Ben yıllardan beri ülkü ocaklarından yetiştim. Ama ülkü ocaklarının toplumda bilinen, onlara giydirilen elbiseyi giymedim hiçbir zaman. Çünkü bence Türk Milliyetçisi kendisine dayatılanı değil, kendisine yakışanı giymeli.  Ben kendime Atatürkçülüğü çok yakıştırdım. Muhafazakarlığı, milliyetçiliği ve çağdaşlığı kendime çok yakıştırdım.  Muhafazakarlık derken de, bize ait olan dini ve milli değerlerimizi korunması ve yaşanması anlamında muhafazakarım. Küçük yaşlarımdan itibaren kendime bir çizgi çizdim. Bu çizgimden hiç sapmadım çok şükür. Her fikire açığım. Bolunun en sol görüşlüsü de, en muhafazakarı da en samimi arkadaşımdır. Bu anlamda fikirlere saygı duyuyorum. Yeter ki insanlar taşıdıkları fikirleri yaşasınlar. Fikirler yaşanmalı, eğer yaşanmazsa o fikirler insana yük olur.

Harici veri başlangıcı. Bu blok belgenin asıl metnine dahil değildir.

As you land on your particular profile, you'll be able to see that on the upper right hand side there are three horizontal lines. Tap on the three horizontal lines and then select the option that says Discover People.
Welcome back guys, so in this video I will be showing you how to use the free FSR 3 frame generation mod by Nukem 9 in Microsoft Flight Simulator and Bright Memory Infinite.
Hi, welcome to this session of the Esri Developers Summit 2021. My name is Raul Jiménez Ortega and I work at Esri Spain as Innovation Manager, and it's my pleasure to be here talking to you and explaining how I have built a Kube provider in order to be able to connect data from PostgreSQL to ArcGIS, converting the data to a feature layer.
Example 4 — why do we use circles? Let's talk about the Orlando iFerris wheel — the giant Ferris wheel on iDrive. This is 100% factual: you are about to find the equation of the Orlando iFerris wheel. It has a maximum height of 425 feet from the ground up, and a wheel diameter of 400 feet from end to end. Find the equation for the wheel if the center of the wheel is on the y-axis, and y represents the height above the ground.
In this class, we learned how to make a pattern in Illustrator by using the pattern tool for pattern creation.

Çok tarafsız olarak şunu söyleyebilirim ki, son zamanlarda, donanımlı, birikimli, Bolu’ya katlı sağlayacak olan adaylardan bir tanesiydi. Diğer adaylar kötüdür demiyorum ama yetişme tarzı, birikimi, Bolu’ya yaptıkları ve bundan sonra yapacakları ile Murat Bey’e güvendik. Yanında olduk. Elimizden gelen katkıyı sağladık. Ama siyasette rüzgar çok önemlidir. Ak Parti rüzgarı malum, Kılıçdaroğlu ile CHP’nin yakaladığı rüzgar malumdur. Maalesef MHP’ye, diğer partilere esen rüzgar esmemiştir. Ama Bolu için alınan oy bence büyük bir başarıdır. İki aylık çalışma ile azımsanamayacak bir oy alınmıştır. 8 yıllık çalışma ile Tanju Bey 35 bin oy kazandırıyorsa , iki ay çalışma ile Murat Bey de  28 bin oy alıyorsa bu müthiş bir başarıdır. Şunu da gördük ki seçim döneminde, Bolu Murat Bey’e tam anlamıyla destek olmamıştır. Bolu’nun çocuğu lafları havada kalmıştır.

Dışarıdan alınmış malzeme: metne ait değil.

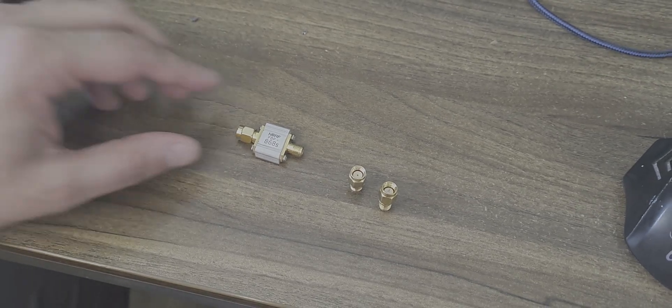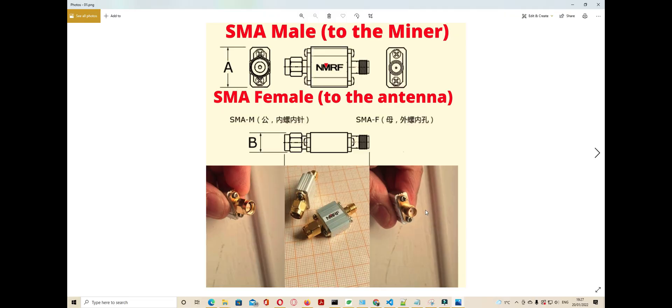Welcome to Bank Gear Mining. Today we will check how to install a filter on the hotspot miners. The filter has one side that is an SMA male, like this one.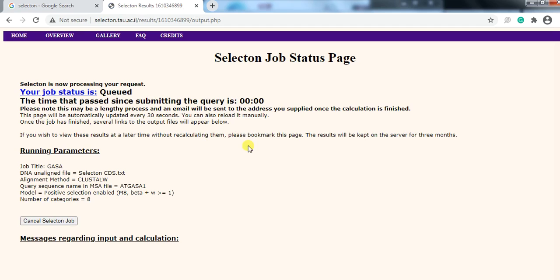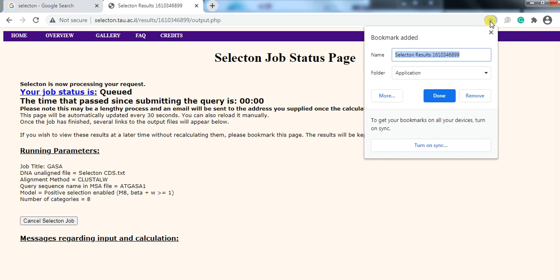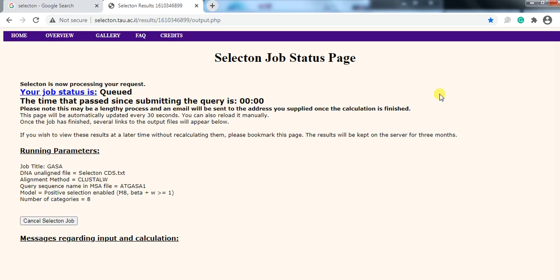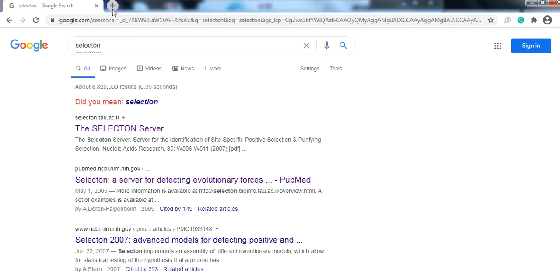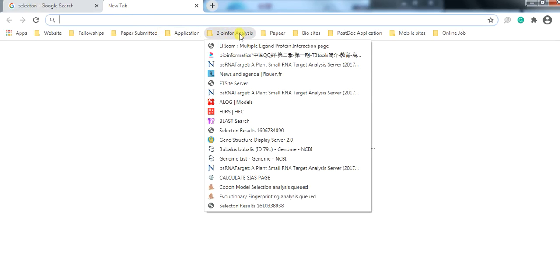When you click on submit, it will give you a job title and here is the selection job status page. The status is shown at this point and the analysis is running. You need to bookmark this job because it takes a little bit of time. After some time, we will come back and open it to check whether our analysis has finished or not.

Son olarak, siyasette esen rüzgar önemli dediniz. Murat Bey’i belediye başkanlığı seçimlerinde farklı bir partiden aday görebilir miyiz?   

Tabi bu kendisinin takdiridir. Ama benim tanıdığım kadarıyla Murat Bey, Türk milliyetçisidir. Belli bir duruşu olan bir insandır. Değişeceğini sanmıyorum. Çünkü teklifler geldi ama Murat Bey kabul etmedi.